(Collected data)
○ ○ ○ ○
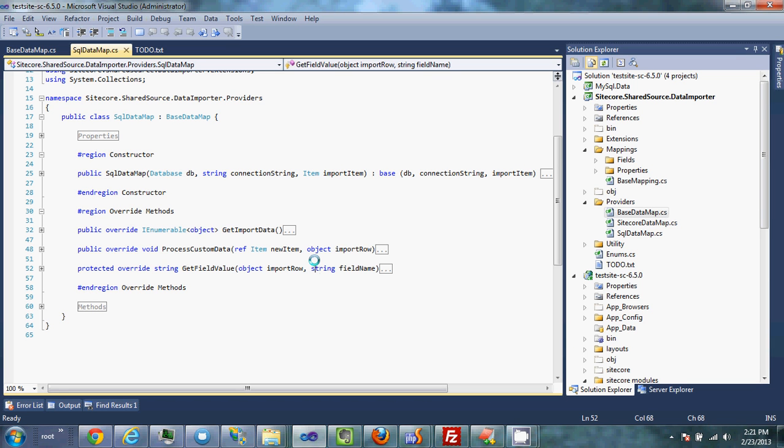This video is about how to implement a custom provider for the data importer.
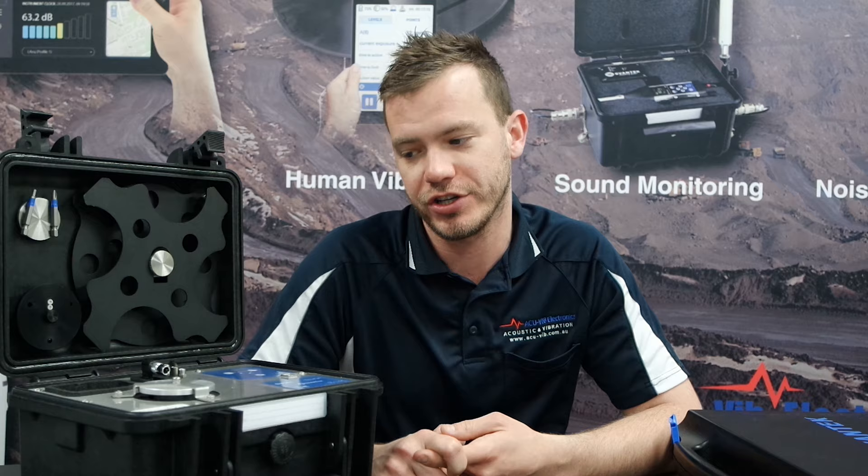This can be used for single axis accelerometers, whole body seat pads, hand arm, vibration analyzers, and as a multiple purpose instrument for vibration calibrations.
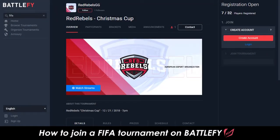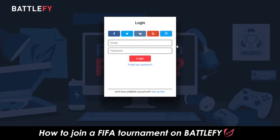In this video, you'll learn how to join a FIFA tournament on Battlefy. First, you need to make sure you're logged into your account.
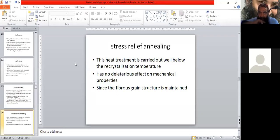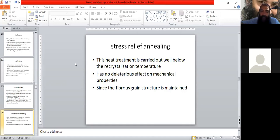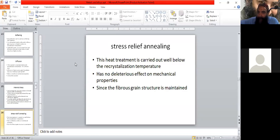This heat treatment is carried out well below the recrystallization temperature. If the recrystallization temperature is 380 to 390 degrees centigrade, the stress relief annealing will be carried out at around 60 to 200 degrees centigrade.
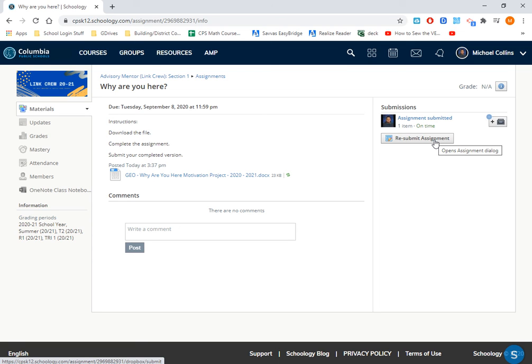But that's it, guys. So you find the assignment, you download it, you work on it, you save it, and then you re-upload it to the assignment screen on Schoology, and that's all there is to it. And we're going to be doing that a lot this year, so hopefully that was good. If not, feel free to ask questions to me or your teacher, and we'll help you get it figured out. All right? Thank you. Have a wonderful day.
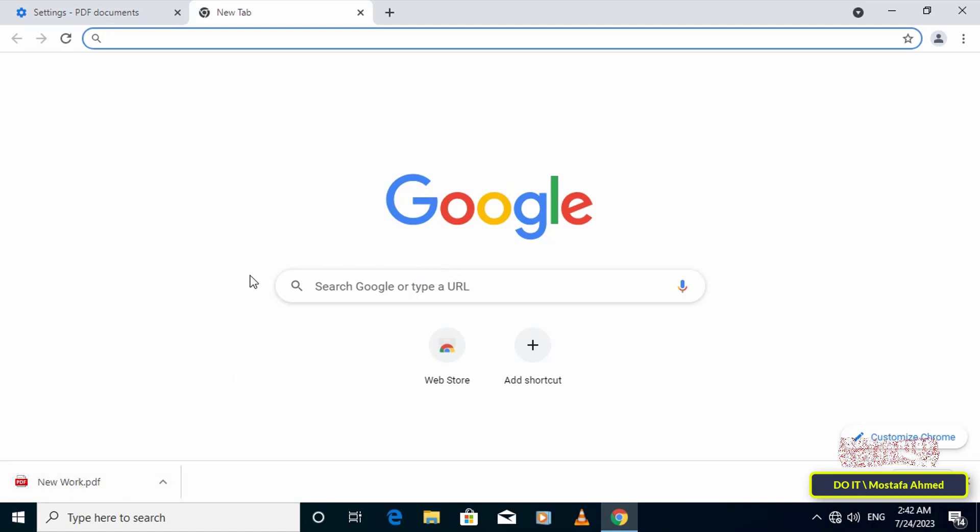Any PDF document will not be opened in Chrome unless you select the 'open PDF in Chrome' option again. I hope the video is useful to you and thank you for watching.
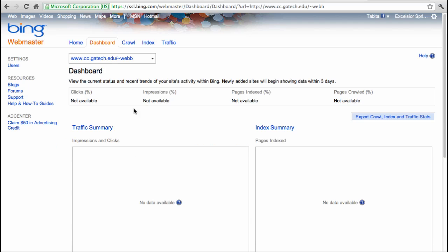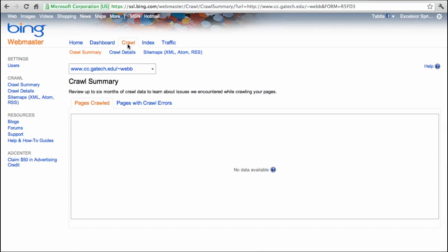Next, click the Crawl tab and then select the Sitemaps option.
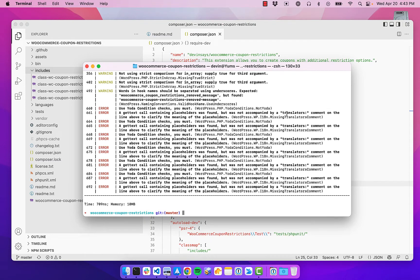Hello, this is Devin from DevPress, and I'm going to show you how to set up automatic linting and code formatting for your PHP files in WordPress projects.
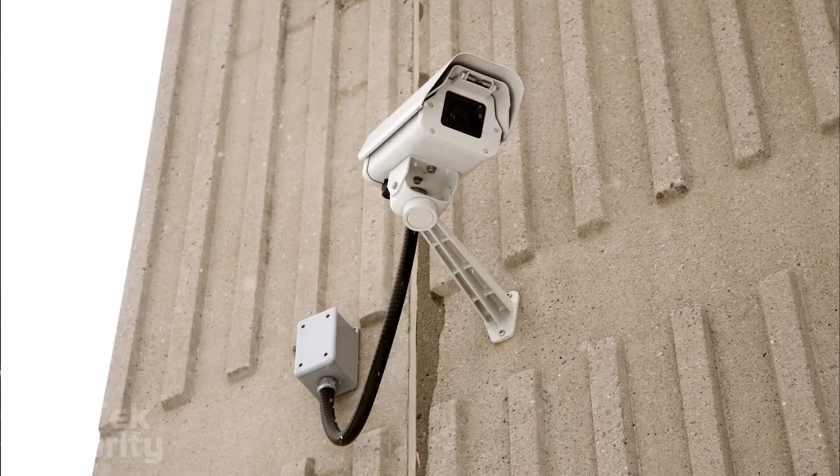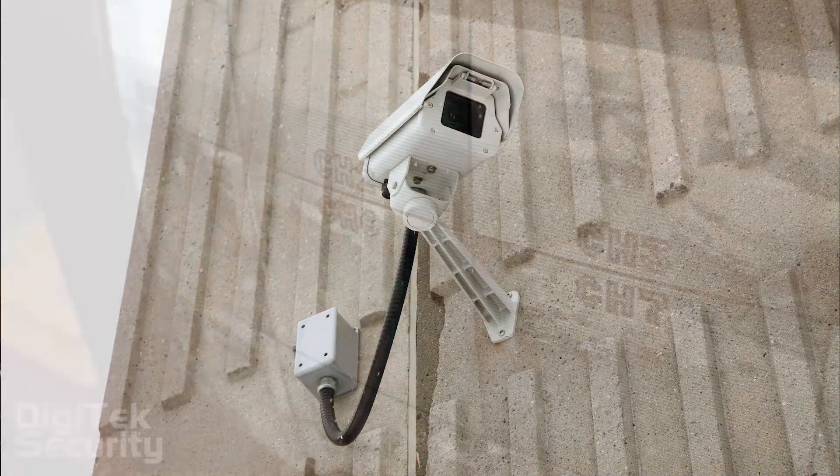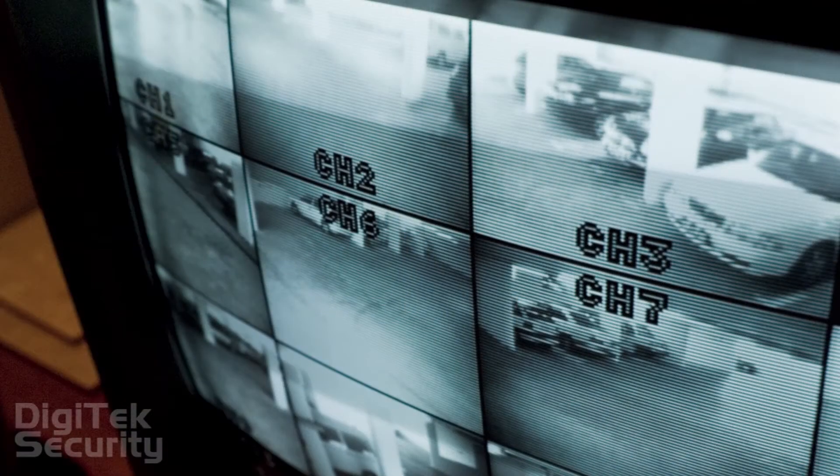But when it comes to security, HD cameras provide more than just the wow factor of a brand new TV set. They provide a greater sense of security and better protection. Frankly speaking, I could go over the tech talk, specifications, and advantages that prove that HD technology is far better than SD.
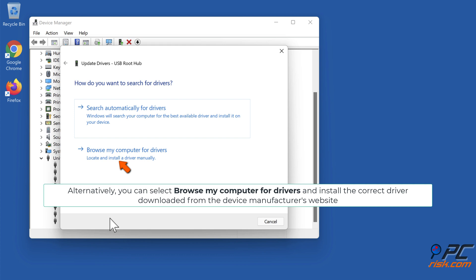Alternatively, you can select browse my computer for drivers and install the correct driver downloaded from the device manufacturer's website.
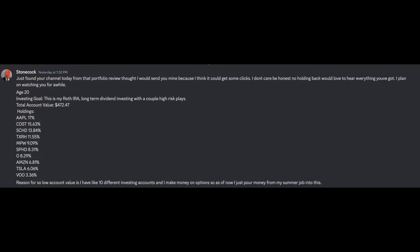All right, so he messaged me and he said 'just found your channel today from that portfolio review and I thought I'd send me mine because he can get some clicks.' And you guys already know on this channel we only do it for the money. I do not care about you guys whatsoever as the viewers. I only do this for money and personal gain. But besides that point, I don't really care. Honest, no holding back, would love to hear anything you've got. I plan to be watching you for a while.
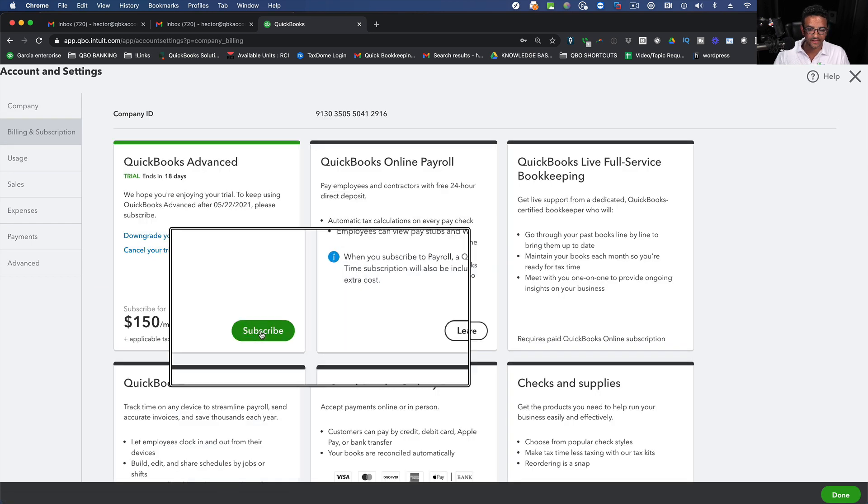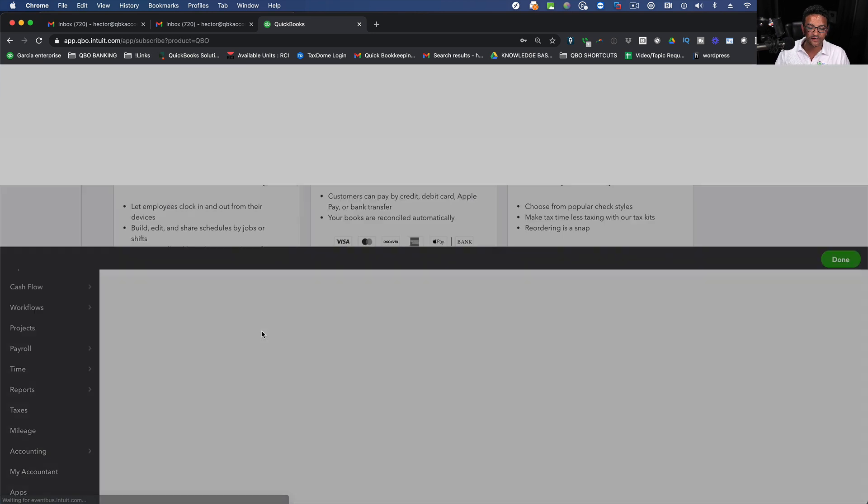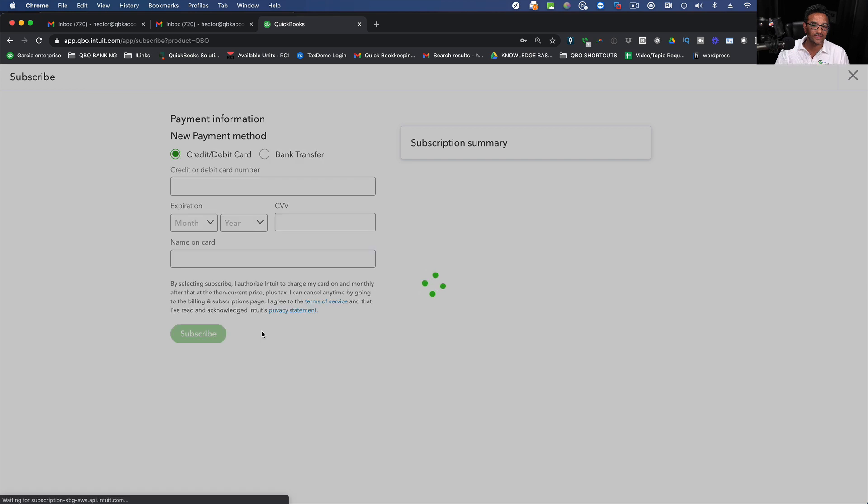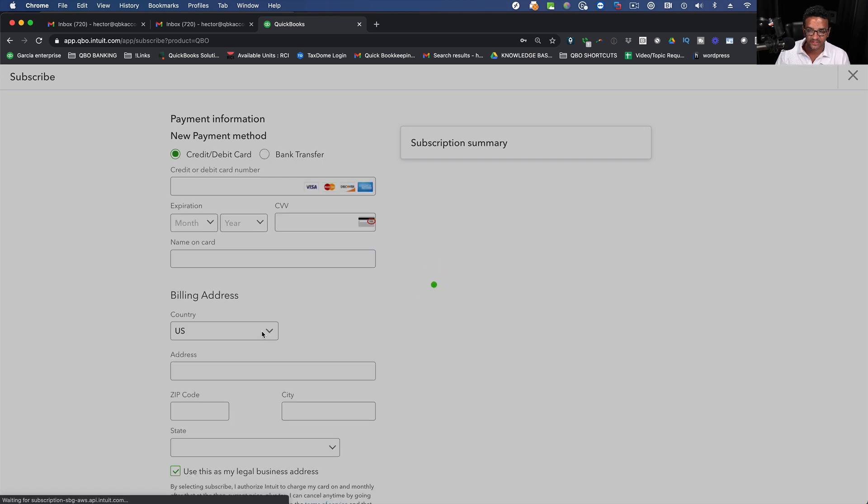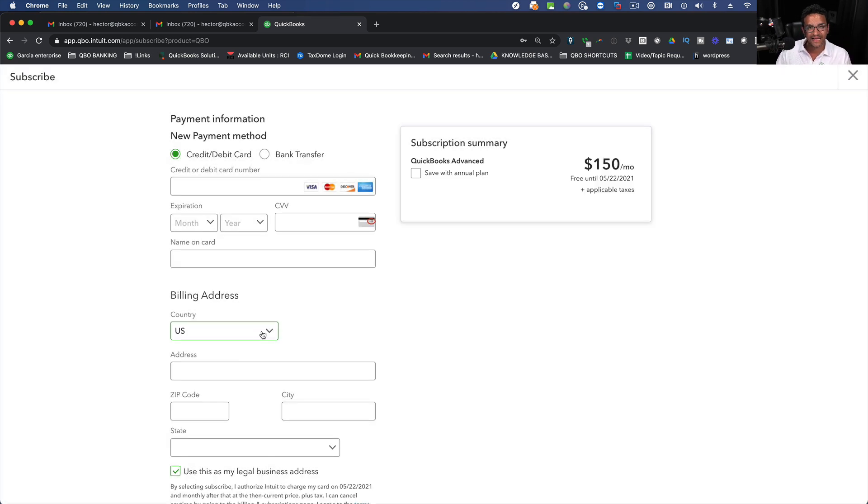Then I'm going to click on Subscribe. So once I click on Subscribe it's going to take me to the screen where I get to put my credit card information and subscribe to the active account.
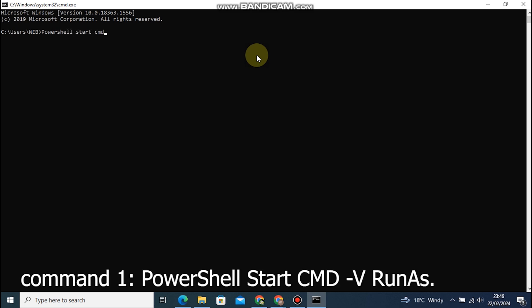Command 1: PowerShell Start CMD -vRunAs. Our first command is a powerful one, PowerShell Start CMD -vRunAs.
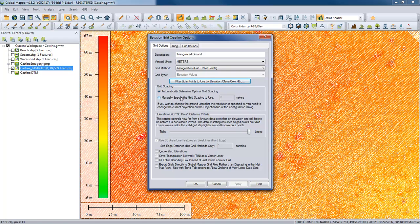Next we determine the resolution of our output terrain data — the grid spacing. The default is to automatically determine spacing based on distance between LiDAR points, calculated statistically. Or we can manually specify a grid spacing. This is basically defining the resolution, and very often that's a workflow requirement — for example, your client needs one-meter resolution. You just enter the values and it handles it automatically. You want the resolution to be close to what you actually got from the LiDAR data — creating a one-centimeter grid would just produce a much larger file with no additional benefit.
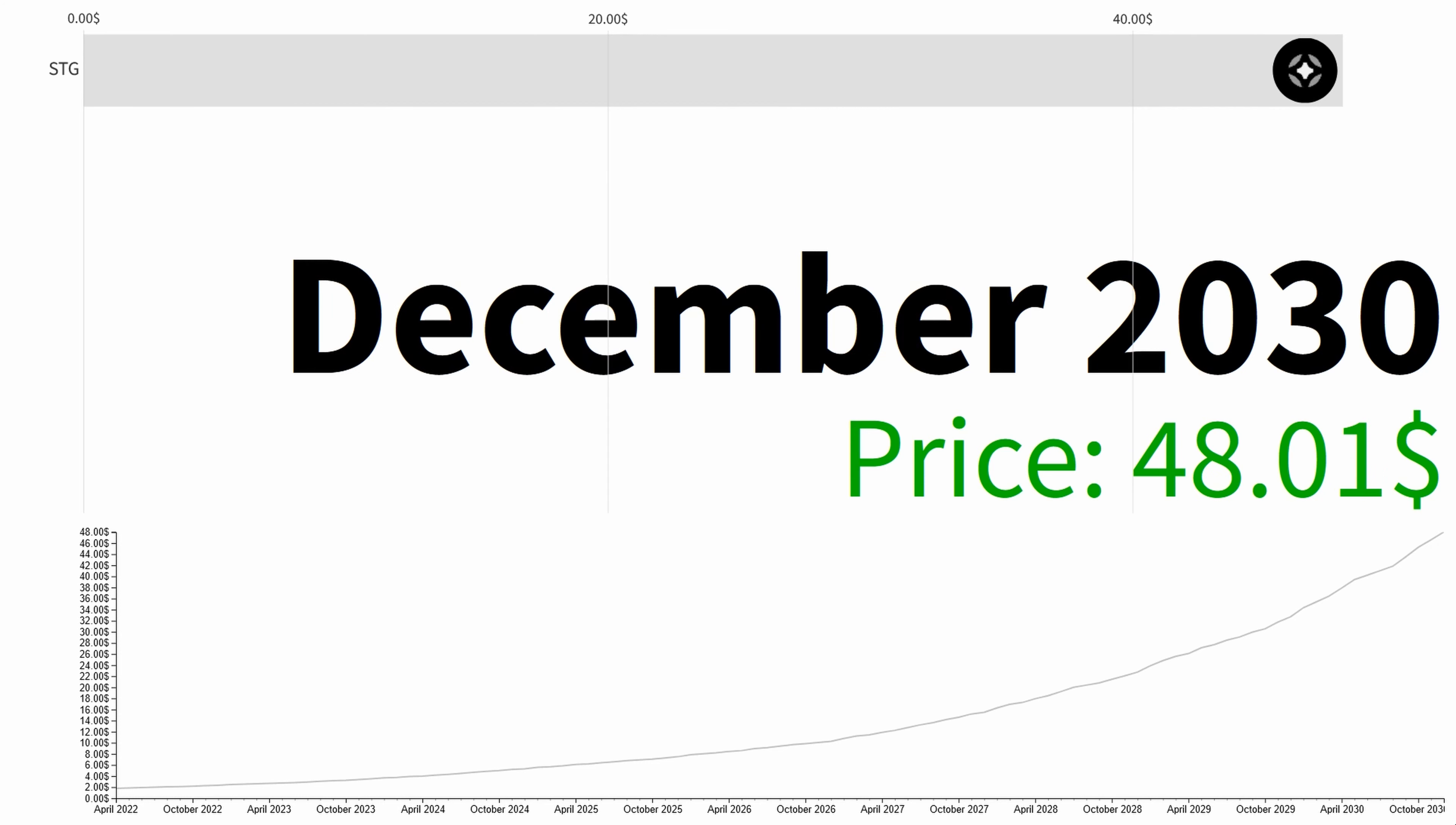So at the end of 2030 the average price is $48.01. Thanks for watching.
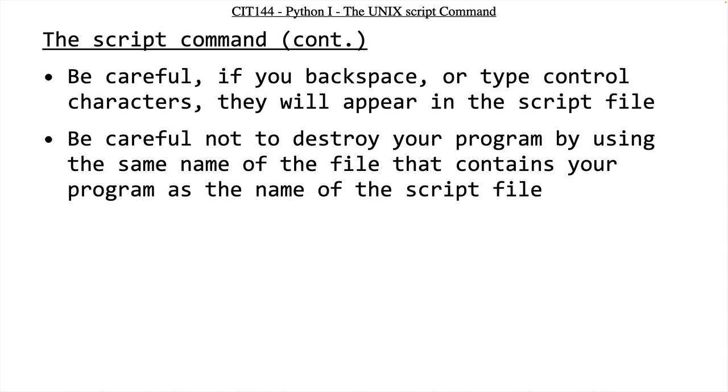So you need to be very careful, and either always use the dash A option, so that way you might inadvertently put some extra garbage at the end of your programming assignment, but you could go in and delete that out, as opposed to destroying your program. So you need to be really, really careful.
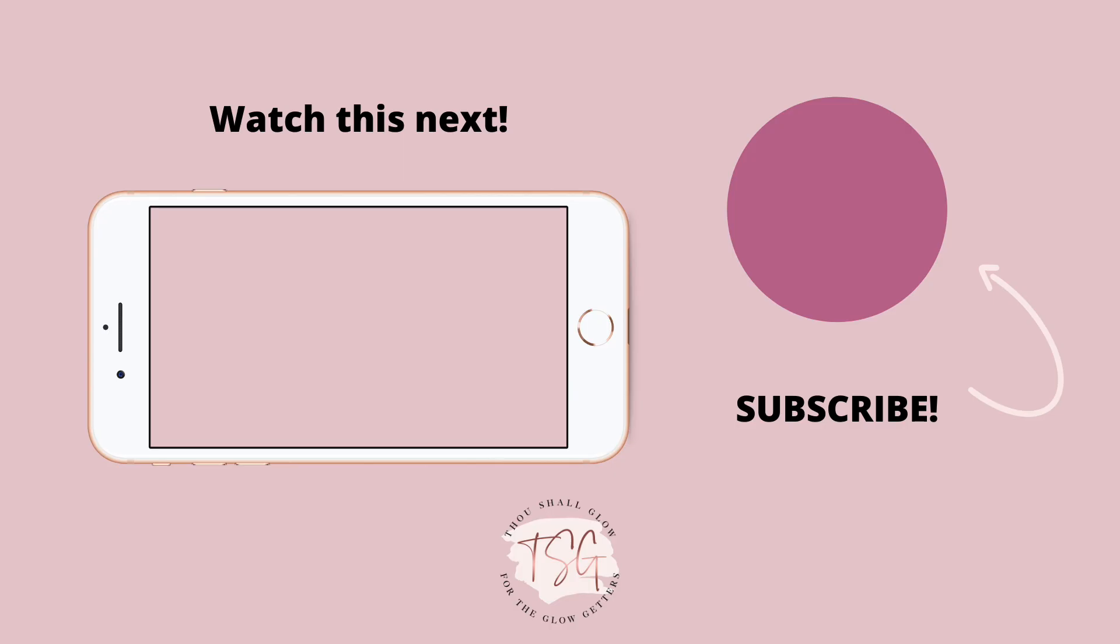And here it is in action. If you found this tutorial helpful, consider subscribing to my channel and hitting the like button. Thanks!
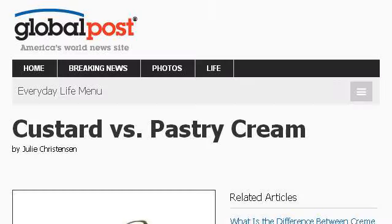You can also try everydaylife.globalpost.com, especially the page Custard vs. Pastry Cream Everyday Life, Global Post. This is the link.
○ ○ ○ ○
▶ _Work to be completed_
Each record must be repeated verbatim, and no picture may appear in the copy.

▶ _Response for this exercise_
This video is about how to implement a custom provider for the data importer.
This can be used for single axis accelerometers, whole body seat pads, hand arm, vibration analyzers, and as a multiple purpose instrument for vibration calibrations.
In this video, you'll learn how to join a FIFA tournament on Battlefy. First, you need to make sure you're logged into your account.
This heat treatment is carried out well below the recrystallization temperature. If the recrystallization temperature is 380 to 390 degrees centigrade, the stress relief annealing will be carried out at around 60 to 200 degrees centigrade.
But that's it, guys. So you find the assignment, you download it, you work on it, you save it, and then you re-upload it to the assignment screen on Schoology, and that's all there is to it. And we're going to be doing that a lot this year, so hopefully that was good. If not, feel free to ask questions to me or your teacher, and we'll help you get it figured out. All right? Thank you. Have a wonderful day.
Any PDF document will not be opened in Chrome unless you select the 'open PDF in Chrome' option again. I hope the video is useful to you and thank you for watching.
Next, click the Crawl tab and then select the Sitemaps option.
Hello, this is Devin from DevPress, and I'm going to show you how to set up automatic linting and code formatting for your PHP files in WordPress projects.
But when it comes to security, HD cameras provide more than just the wow factor of a brand new TV set. They provide a greater sense of security and better protection. Frankly speaking, I could go over the tech talk, specifications, and advantages that prove that HD technology is far better than SD.
Alternatively, you can select browse my computer for drivers and install the correct driver downloaded from the device manufacturer's website.
All right, so he messaged me and he said 'just found your channel today from that portfolio review and I thought I'd send me mine because he can get some clicks.' And you guys already know on this channel we only do it for the money. I do not care about you guys whatsoever as the viewers. I only do this for money and personal gain. But besides that point, I don't really care. Honest, no holding back, would love to hear anything you've got. I plan to be watching you for a while.
Then I'm going to click on Subscribe. So once I click on Subscribe it's going to take me to the screen where I get to put my credit card information and subscribe to the active account.
Command 1: PowerShell Start CMD -vRunAs. Our first command is a powerful one, PowerShell Start CMD -vRunAs.
Next we determine the resolution of our output terrain data — the grid spacing. The default is to automatically determine spacing based on distance between LiDAR points, calculated statistically. Or we can manually specify a grid spacing. This is basically defining the resolution, and very often that's a workflow requirement — for example, your client needs one-meter resolution. You just enter the values and it handles it automatically. You want the resolution to be close to what you actually got from the LiDAR data — creating a one-centimeter grid would just produce a much larger file with no additional benefit.
So at the end of 2030 the average price is $48.01. Thanks for watching.
So you need to be very careful, and either always use the dash A option, so that way you might inadvertently put some extra garbage at the end of your programming assignment, but you could go in and delete that out, as opposed to destroying your program. So you need to be really, really careful.
And here it is in action. If you found this tutorial helpful, consider subscribing to my channel and hitting the like button. Thanks!
You can also try everydaylife.globalpost.com, especially the page Custard vs. Pastry Cream Everyday Life, Global Post. This is the link.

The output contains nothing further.